縦川が尻込みしていると、愛は鉄扉のノブをカチャカチャやりだした。まさか中に入ろうと言うのだろうか。
「もう夜更けですよ。またにしましょう」
「でも、せっかく来たんだし……」
「勝手に入ったら警察に怒られますよ」
「中にまでは入らないわよ。流石に。怖いもの」
彼女がそう言うやいなや、鉄扉がスーッと音もなく開いた。どうやらこっちの方も鍵は掛かっていなかったらしい。愛は縦川の顔を見てから、玄関へ続く小道へと足を進めていった。正直、気は乗らなかったが、縦川はその後に続いた。

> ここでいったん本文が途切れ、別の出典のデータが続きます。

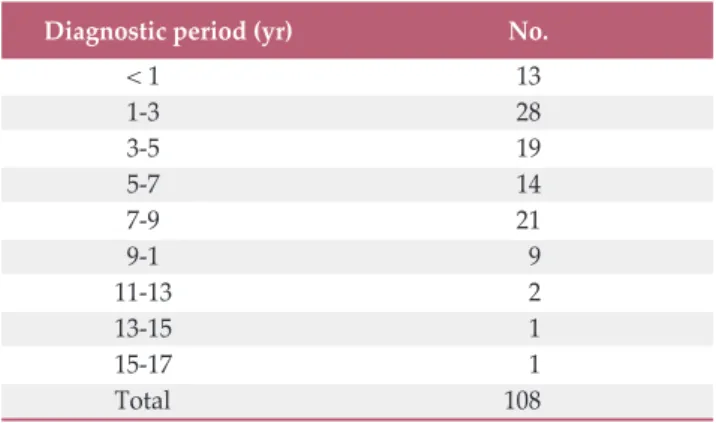 Table  2  shows  the  median  age  distribution  of  patients  with  metachronous  double  primary  cancer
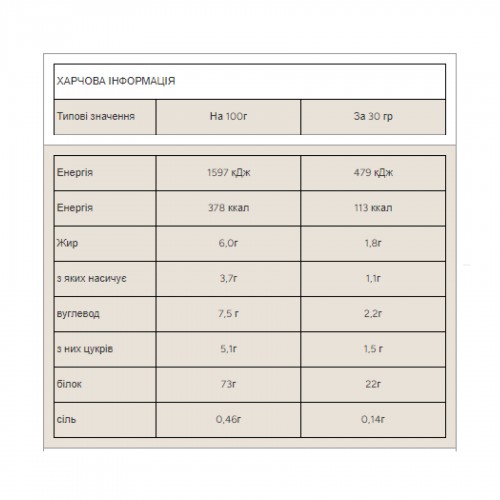 Impact Whey Protein - 1000g Cookiees and Cream 100-15-2082038-20 MyProtein Impact Whey Protein - 1000g Cookiees and Cream 100-15-2082038-20 MyProtein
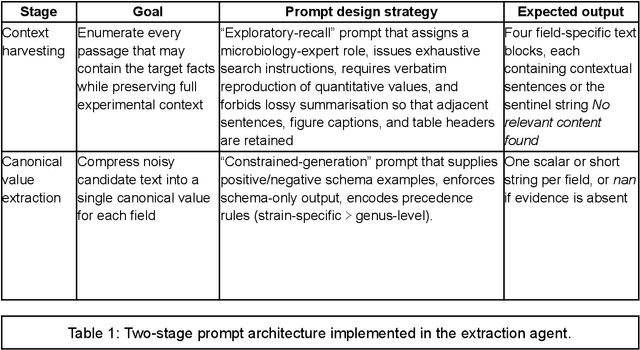 Figure 2 for Fine-Tuning and Prompt Engineering of LLMs, for the Creation of Multi-Agent AI for Addressing Sustainable Protein Production Challenges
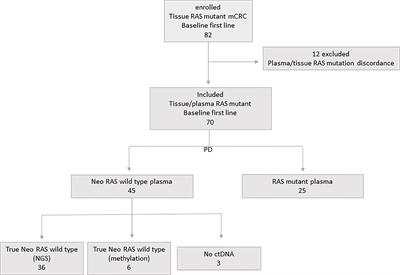 Genomic landscape and survival analysis of ctDNA “neo-RAS wild-type” patients with originally RAS mutant metastatic colorectal cancer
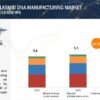viral vector manufacturing market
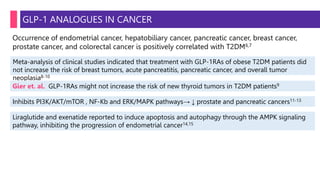 GLP-1 ANALOGUES IN CANCER
Occurrence of endometrial cancer, hepatobiliary cancer, pancreatic cancer, breast cancer,
prostate cancer, and colorectal cancer is positively correlated with T2DM6,7
Meta-analysis of clinical studies indicated that treatment with GLP-1RAs of obese T2DM patients did
not increase the risk of breast tumors, acute pancreatitis, pancreatic cancer, and overall tumor
neoplasia8-10
Gier et. al. GLP-1RAs might not increase the risk of new thyroid tumors in T2DM patients9
Inhibits PI3K/AKT/mTOR , NF-Kb and ERK/MAPK pathways→ ↓ prostate and pancreatic cancers11-13
Liraglutide and exenatide reported to induce apoptosis and autophagy through the AMPK signaling
pathway, inhibiting the progression of endometrial cancer14,15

ロープの隙間から建物の中を覗き込んで見る。中は真っ暗闇で、本当に光も通さないと言った感じで、何も見えなかった。スマホのライトで照らしてみても、玄関先がうっすらと見えるだけで、それが限界だった。二人は緊張からいつの間にか止めていた息を吐くと、お互いに苦笑いを見せながら、家の裏手へと歩いていった。
家の裏手は庭になっていて、玄関とは打って変わって明るかった。開けた芝生の庭を月明かりが照らして、その中央に白いベンチがある。紅茶テーブルも置かれており、もしかすると生前の倖がここでお茶を飲んだりしたのではなかろうか。見晴らしは良く、ケルンの中心街が一望でき、大聖堂の尖塔がよく見えた。建物の方は無骨だったが、きっと彼女はこの景色を買ったのだろう。
二人はしばしの間、見惚れるようにその景色を眺めていた。これが故人の見ていた世界なんだなと思うと、どことなくその風景が静謐に感じた。愛も縦川も、もしかすると自分たちは、欧州までこの景色を見に来たんだと、なんとなくそんな気がしていた。思い出というのはなかなか口に表せない。こうして同じ景色を見たという記憶を留めておくくらいしか方法はない。
縦川はその場に、ぼーっとして佇む愛を残して、踵を返した。ここに故人が居るわけではないのだが、なんとなく二人きりにしてやろうと、そんな気がした。姉妹は今、ここで同じ景色を眺めているのだ。それを邪魔するわけにはいかない。
彼はそう思い庭の半ばまで戻ってくると、そこのベンチに腰掛けて、まるで一つの絵画みたいに、佇む愛の後ろ姿を飽きることなく眺めていた。
ところが……
「Bewegen Sie sich nicht! (動くな!)」
と、その時、二人の居る庭に、数人の足音が聞こえてきた。ザクザクと芝生を踏み荒らす足音は忙しなく、まるで急き立てられてるような気がして縦川が慌てて振り返ると、その顔に容赦なくサーチライトが浴びせられた。
眩してく何も見えない。その眩しさに目がくらんでいると、
「Nicht widerstehen! (動くんじゃない!)」
更に何事かを言われて、次の瞬間、縦川はベンチから引きずり降ろされるように地面に転がされた。
「きゃあああーーーー!!」
っと、愛の悲鳴が上がる。
助けなきゃと思って咄嗟に彼にのしかかって来た人を払いのけようとしたら、逆にやり返されて、縦川は背中を地面にしたたかに打ち付けた。
ゲホゲホと咽ながら、涙目で自分を押さえつける人影を見つめる。
そう言えば、立花倖はここで殺されたんだ……それを思いだして、一瞬、背筋が凍るような恐怖が体を突き抜けたが……
しかしそこに居たのは、悪の秘密結社なんかではなく、単に見慣れない制服を着た、ドイツの警察官だったのである。